Reportagem da revista Wired também revelou falhas do sistema, como usuários que utilizavam contas diferentes para acessar as notas de comunidade — podendo votar mais de uma vez em classificações, por exemplo.
“Ao longo dos últimos anos, a gente tem visto um pouco a utilização de notas de comunidade como uma ferramenta para tentar disputar posicionamentos”, relata a pesquisadora Bruna Santos, da Coalizão Direitos na Rede.
Eficácia do fact-checking. Por outro lado, o programa de parceria com checadores de fatos independentes — que será substituído pelas notas de comunidade — demonstrou eficiência no combate à desinformação.
- Quase 19 milhões de publicações foram marcadas como enganosas por checadores de fatos independentes na União Europeia no terceiro trimestre de 2024, segundo relatório de transparência da Meta compartilhado com países do bloco;
- Dessas, cerca de 170 mil, que representam menos de 1%, foram alvos de disputa — quando o usuário responsável pelo post marcado recorre sobre a marcação — e apenas 5,4 mil tiveram a marcação revertida.
“Ter pessoas especializadas pesquisando e investigando a veracidade das afirmações factuais produz resultados muito robustos", afirmou o coordenador da Rede Europeia de Padrões de Fact-Checking, Stephan Mundges, em post nas redes sociais.
A divulgação dos dados foi feita conforme exigência da Lei de Serviços Digitais do bloco europeu. Por isso, não há dados disponíveis sobre o programa em outras localidades.
No Brasil, a pedido do TSE (Tribunal Superior Eleitoral), a Meta também disponibilizou relatório com medidas adotadas para “para salvaguardar a integridade do processo eleitoral” durante as eleições municipais deste ano.
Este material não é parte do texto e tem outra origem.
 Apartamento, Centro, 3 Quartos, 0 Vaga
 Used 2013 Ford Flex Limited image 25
Entre elas, citou a parceria com as agências de checagem.
“A Meta continuará a investir em parcerias (inclusive com jornalistas, acadêmicos e verificadores independentes de fatos) para ajudar a reduzir a distribuição de notícias e informações falsas, bem como para informar melhor as pessoas sobre o conteúdo que encontram on-line”, declarou a big tech.
Outros comunicados e textos oficiais da empresa sobre a parceria ao longo dos últimos anos foram elogiosos. O programa foi citado como fundamental nos esforços da empresa para combater desinformação em diferentes eleições, guerras — como o conflito entre Israel e Hamas, Rússia e Ucrânia — e outros eventos de crise.
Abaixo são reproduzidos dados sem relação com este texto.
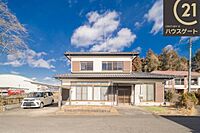 栃木県宇都宮市上田町：物件画像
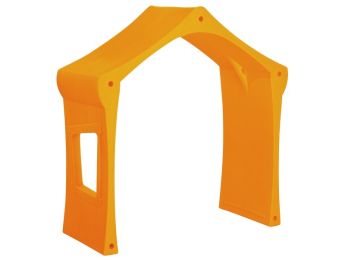 CABANE Tio'la - Extérieur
“Estamos empenhados em combater notícias falsas através de uma combinação de tecnologia e análise humana, incluindo a remoção de contas falsas, parcerias com verificadores de factos e promoção da literacia noticiosa. Este esforço nunca terminará e temos muito mais a fazer”, prometeu a Meta em comunicado publicado em junho de 2018, ao anunciar a ampliação do programa de fact-checking.
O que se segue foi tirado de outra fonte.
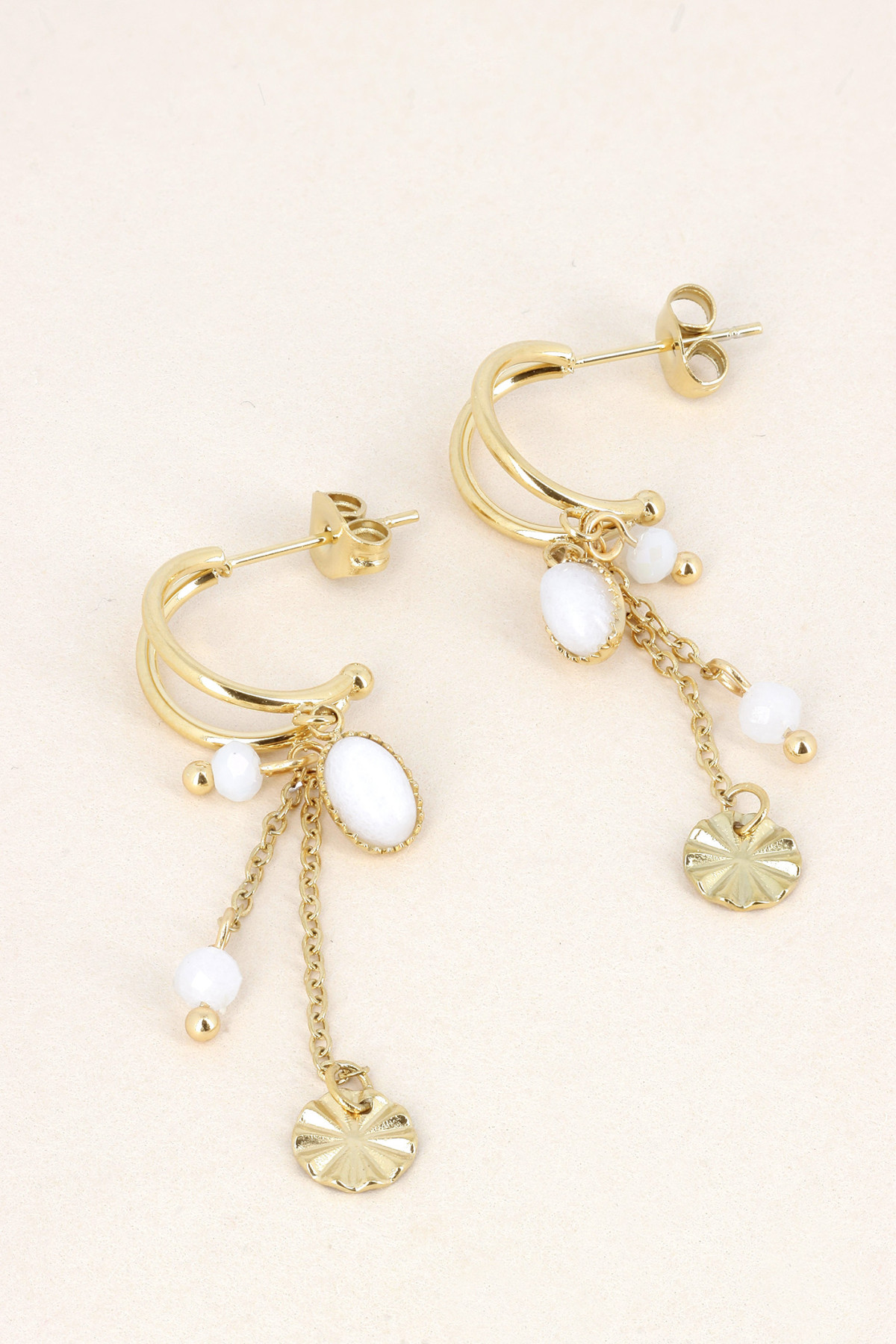 Boucles Savannah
Esforços conjuntos. Pesquisa divulgada durante a 18ª Conferência Internacional sobre Web e Mídia Social no ano passado concluiu que contribuidores de notas de comunidades no Twitter e checadores profissionais se concentram em alvos diferentes ao verificar o conteúdo das mídias sociais.

Assim, o estudo sugere que diferentes abordagens de verificação de fatos se complementam e podem ajudar os fornecedores de redes sociais a otimizar estratégias para combater a desinformação nas suas plataformas. Essa também era a abordagem da Meta:
“Acreditamos que combinando a expertise de checadores de fatos independentes com um grupo de usuários revisores da comunidade, nós podemos avaliar a desinformação mais rapidamente e progredir reduzindo sua prevalência no Facebook”, dizia comunicado da empresa de dezembro de 2019, que já não vale mais.
O caminho da apuração
Aos Fatos levantou estudos e dados oficiais sobre o sistema de notas de comunidade no X e do programa de fact-checking da Meta. Também buscamos posicionamentos das empresas sobre o assunto e consultamos especialistas em checagem de fatos e direito digital.